● **Description of the task**
Keep every word of the listing and drop the images when you write it out.

● **Source data**
*-*-*

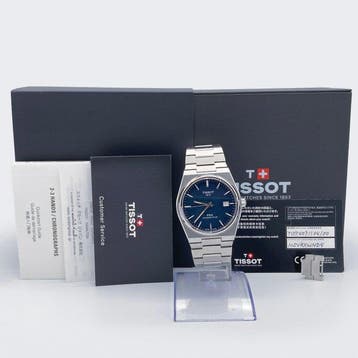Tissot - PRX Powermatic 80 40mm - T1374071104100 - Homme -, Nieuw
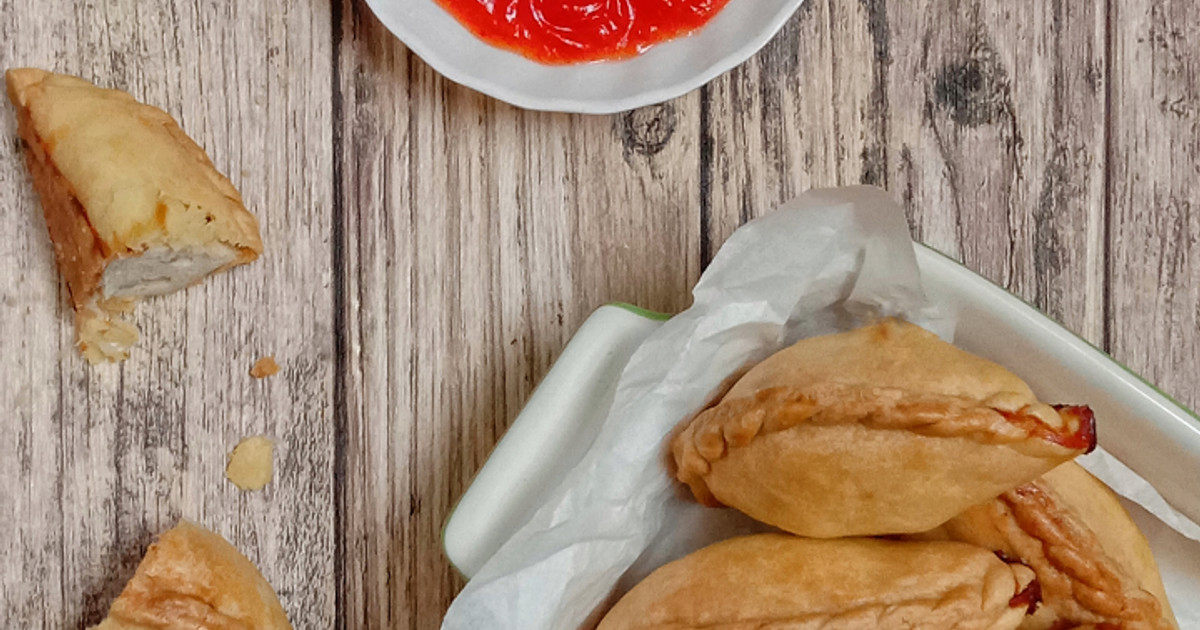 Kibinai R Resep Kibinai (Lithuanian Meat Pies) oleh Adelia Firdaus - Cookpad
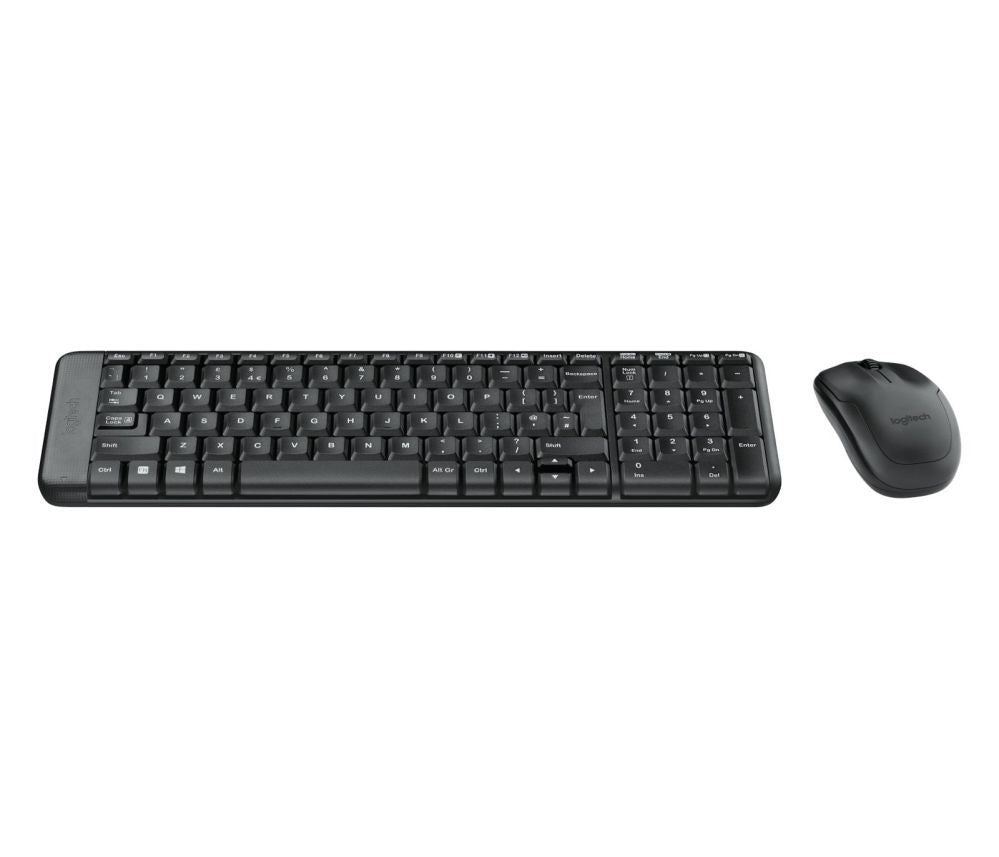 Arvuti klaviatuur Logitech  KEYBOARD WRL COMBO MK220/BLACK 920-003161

*-*-*

● **Result of the exercise**
Tissot - PRX Powermatic 80 40mm - T1374071104100 - Homme -, Nieuw
 Kibinai R Resep Kibinai (Lithuanian Meat Pies) oleh Adelia Firdaus - Cookpad
 Arvuti klaviatuur Logitech  KEYBOARD WRL COMBO MK220/BLACK 920-003161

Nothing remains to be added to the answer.